As family films go, rarely do I find myself enjoying them quite as much as the intended audience (kids). How to Train Your Dragon is the exception to that rule, and as a film it remains my top pick of 2010 thus far. Whether your motivation for purchasing films is that they be family friendly, great to look at, or incredible from a sonic perspective, you have no need to worry. How to Train Your Dragon is a no compromise package deal with everything a good film needs to have. Whatever your qualifications are to enjoy a Blu-Ray disc (or a film in general) this film has something to offer to both you and your family. If you want this reviewer's advice, go out right now and purchase what I'm willing to bet will soon be your favorite disc.


----------



## spartanstew

*Re: How to Train Your Dragon - Blu-Ray Review*

Great review Dave, really looking forward to watching this one with my boys.


----------



## bambino

*Re: How to Train Your Dragon - Blu-Ray Review*

This is one i'll be buying for the kids (and myself:heehee. Thanks for the great review.:T


----------



## Jason_Nolan

*Re: How to Train Your Dragon - Blu-Ray Review*

I still think Kung Fu Panda was better, but it was a descent film.


----------



## bambino

*Re: How to Train Your Dragon - Blu-Ray Review*



Jason_Nolan said:


> I still think Kung Fu Panda was better, but it was a descent film.


I never did see that one, i'll have to give it a watch.:T


----------



## mdrake

*Re: How to Train Your Dragon - Blu-Ray Review*

Looks like a great flick and a Great review as usual. :T 

Matt


----------



## ironglen

*Re: How to Train Your Dragon - Blu-Ray Review*

I gotta agree with the review: I really liked the movie, however, my wife and I saw it in the theater and the presentation was, well...we haven't been back since. The audio sounded like it was missing the rear surrounds, as well as any form of driver larger than a mid-bass :rolleyesno: Going to rent this one and see what it does at home!


----------



## Dave Upton

*Re: How to Train Your Dragon - Blu-Ray Review*



Jason_Nolan said:


> I still think Kung Fu Panda was better, but it was a descent film.


I really enjoyed KFP, it's a great film, personally I just found this one more to my taste (less slapstic and more heartfelt I suppose).


----------



## Dale Rasco

*Re: How to Train Your Dragon - Blu-Ray Review*

I got to watch this one on Saturday night and really have to say that your review is spot on.

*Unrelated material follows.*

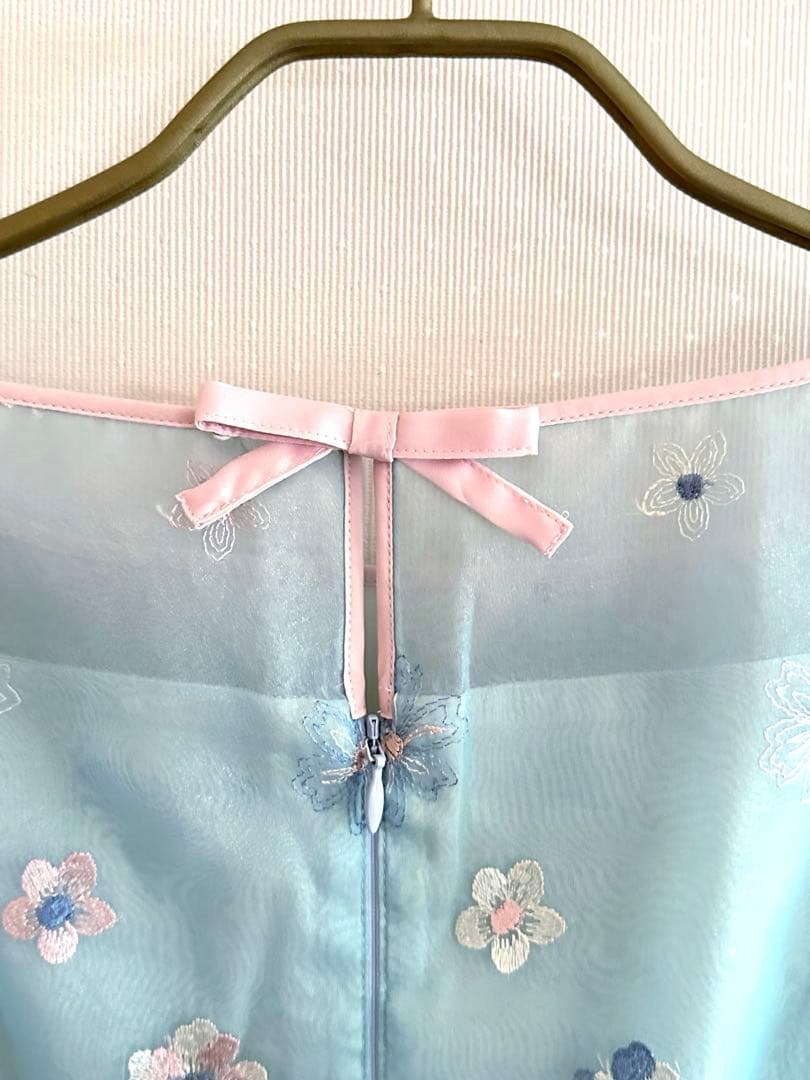 水色 花柄刺繍 ワンピース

I really felt like everything about it was of better quality than Kung Fu Panda and I really love showing off Kung Fu Panda! Great review Dave!


----------



## DaRoza

*Re: How to Train Your Dragon - Blu-Ray Review*

Thank you Dave for the review, I want to get this for my daughter but was unsure so thanks again as i am going to pick it up now:clap:.


----------



## Jon Liu

*Re: How to Train Your Dragon - Blu-Ray Review*

Thanks for the review! My wife and I really liked this one when we saw it in theaters. It was pretty amazing in 3D. One of the few films that I really thought the 3D was worth the extra money spent. I picked my copy of this up and am hopefully going to have enough time to watch it this weekend!

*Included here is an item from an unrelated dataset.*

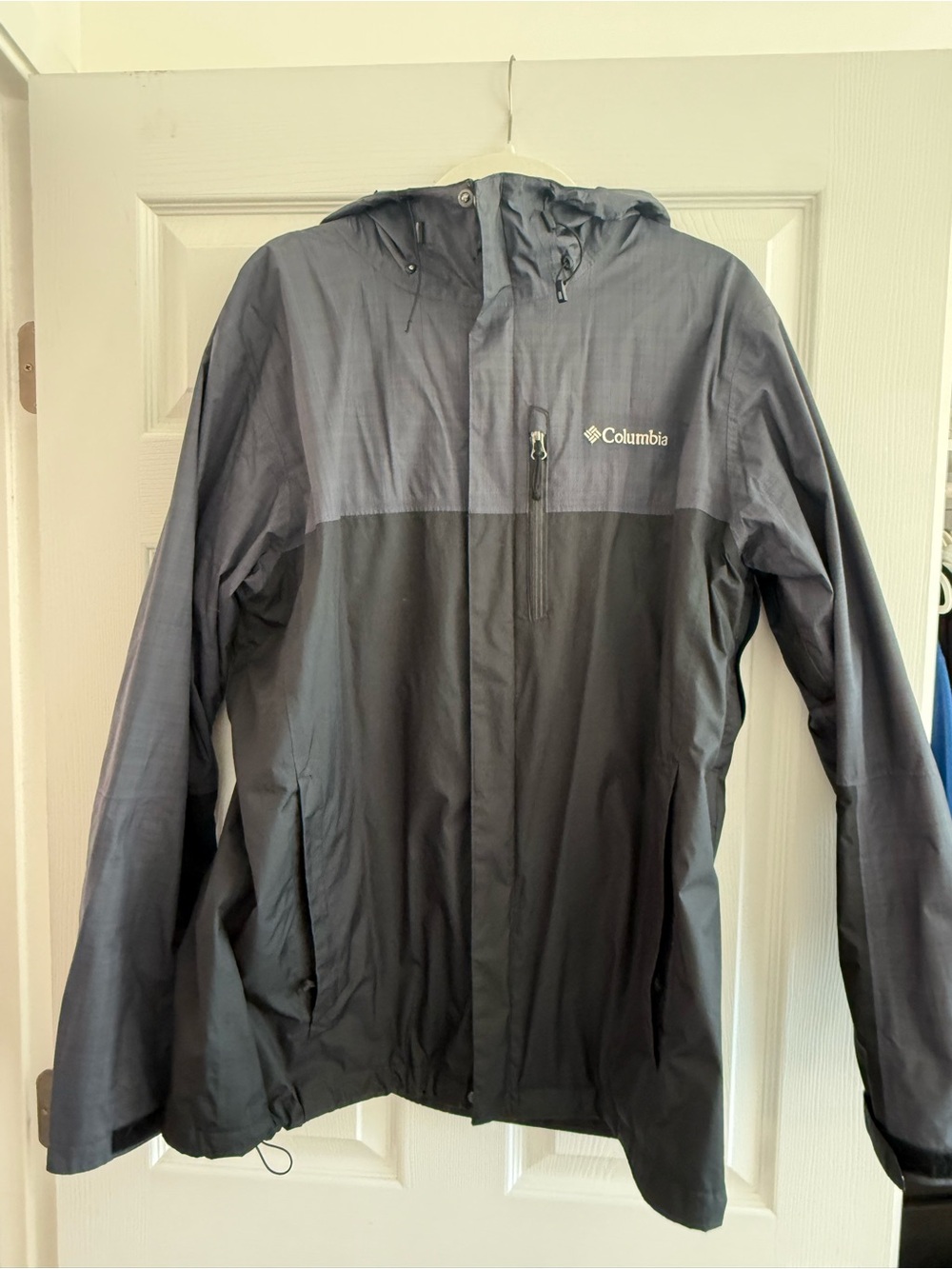 Columbia Men’s Two-Tone Black and Dark Gray Rain Jacket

Keep up the good work all you Home Theater Shack Reviewers!!!


----------



## Andrewskaterrr

*Re: How to Train Your Dragon - Blu-Ray Review*

I agree. The commercials looked good, but I figured it would be ok. Me and my girlfriend went to the theaters to see it, and couldn't believe it. I was totally blown away with how great the movie was. Don't let the G rating turn you away. This is one of those greats like UP, but this one is more action packed and fun.

10/10


----------



## punk_zappa

*Re: How to Train Your Dragon - Blu-Ray Review*

I got this movie when it first came out on disc and I agree with the 5 star rating. There is one part where Hiccup had a close-up shot and you can see his hair moving ever so slightly with the wind. It just doesn't quite fit well since Butler has an accent and Baruchel doesn't but the characters were just amazing.


----------



## tonyvdb

*Re: How to Train Your Dragon - Blu-Ray Review*

The audio on this movie is also fantastic there are many parts with deep bass and it rocks the room. This is one of those movies that is a must have for a collection.


----------



## taoggniklat

*Re: How to Train Your Dragon - Blu-Ray Review*

A friend of mine was one of the graphic designers for this movie. I still need to see it.


----------



## MatrixDweller

*Re: How to Train Your Dragon - Blu-Ray Review*

I have to say this movie is pretty fantastic. One for the grown-ups and the kids to enjoy. I would put it on par with Kung Fu Panada.


----------



## ddgtr

Definitely a 5 star movie! We had a lot of fun watching it! Strongly recommend!!


----------



## BoredSysAdmin

Can't say anything about BR release but the movie itself was very well done and I agree with OP, I tend to like it more than slapstick KFP - not big fan of Jack Black in general...
Like Avatar, "How to.. " was worth the extra charge for Imax 3d version. Must see if you have kids or have kid in you


----------



## typ44q

Kung Fu Panda was a fun movie but this was just a better movie overall and one of the few 3D movies that I really enjoyed and felt was worth seeing in 3D. Some will probably think that I lost my mind but I really think it was a better use of 3D than Avatar (which I also loved)


----------



## Nak

Spot on review. :T


----------



## oakleyx

My gf made me watch this movie. I thought it was actually pretty good. My gf was crying near the end.


----------



## thewire

I liked the story and design but I thought the voice acting was trying to be overly dramatic. I plan to get this when the price comes down.


----------